Although cement-based materials such as concrete are widely used in the construction industry, we are still facing important durability issues. Corrosion of reinforcement in concrete due to chloride exposure, Alkali-silica reactions, freeze-thaw damages are some examples of durability issues decreasing the service life of structures and increasing their life cycle costs due to increased maintenance and rehabilitation.

Recent and Current Research

Flowable Fill Containing Quarry Limestone Quarry Fines as a Backfill Material

Principal Investigator(s): Ceki Halmen, Ph.D.
Funded by: University of Missouri Research Board (UMRB)
Goal: Bridge approach slabs are reinforced slabs, placed between bridge abutments and approach pavements, to mitigate the effects of changing support conditions. Excessive settlement and cracking of approach slabs due to local compression of compacted embankment soils at the bridge/pavement interface is a major issue. This study aims to develop flowable fill mixtures comprised of quarry fines as an alternative to compacted soils.

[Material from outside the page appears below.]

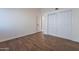 Well-lit bedroom with wood-look floors and access to hallway at 1326 E Clearwater Ln, Gilbert, AZ 85234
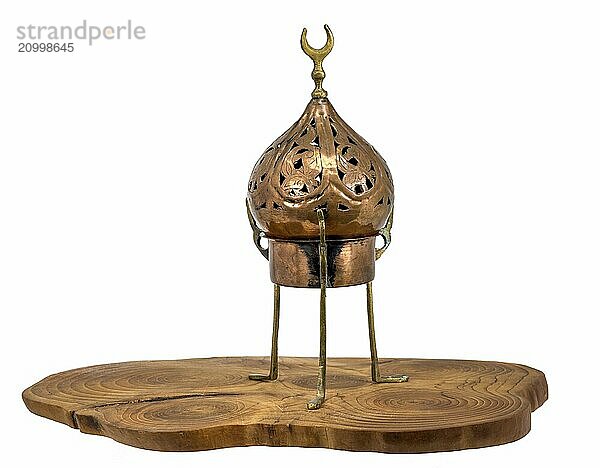 Old oriental incense burner made of copper stands on a wooden disc  isolated on white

Chloride Limits in Fresh Concrete

Principal Investigator(s): Ceki Halmen, Ph.D.
Goal: Chloride induced corrosion of steel reinforcement in concrete is a major problem. Therefore there are strict limits on the chloride content of materials that will be used in concrete mixtures. These limits are typically defined as a percentage of cement weight, however, with the increased use of supplementary cementitious materials the definition of chloride limits based on cement content may be unnecessarily restrictive. This study evaluates validity of chloride limits in fresh concrete and their definition as a weight percentage of cement.

Controlled Low Strength Materials (CLSM) for Bridge Approach Slabs

Principal Investigator(s): Ganesh Thiagarajan, Ph.D., P.E.
Researcher: Ceki Halmen, Ph.D.
Funded by: Missouri Department of Transportation (MoDOT)
Goal: Cracking of bridge approach slabs due to settlement of soils is a major problem. In this study, CLSM is being evaluated as an alternative to compacted granular materials to support bridge approach slabs.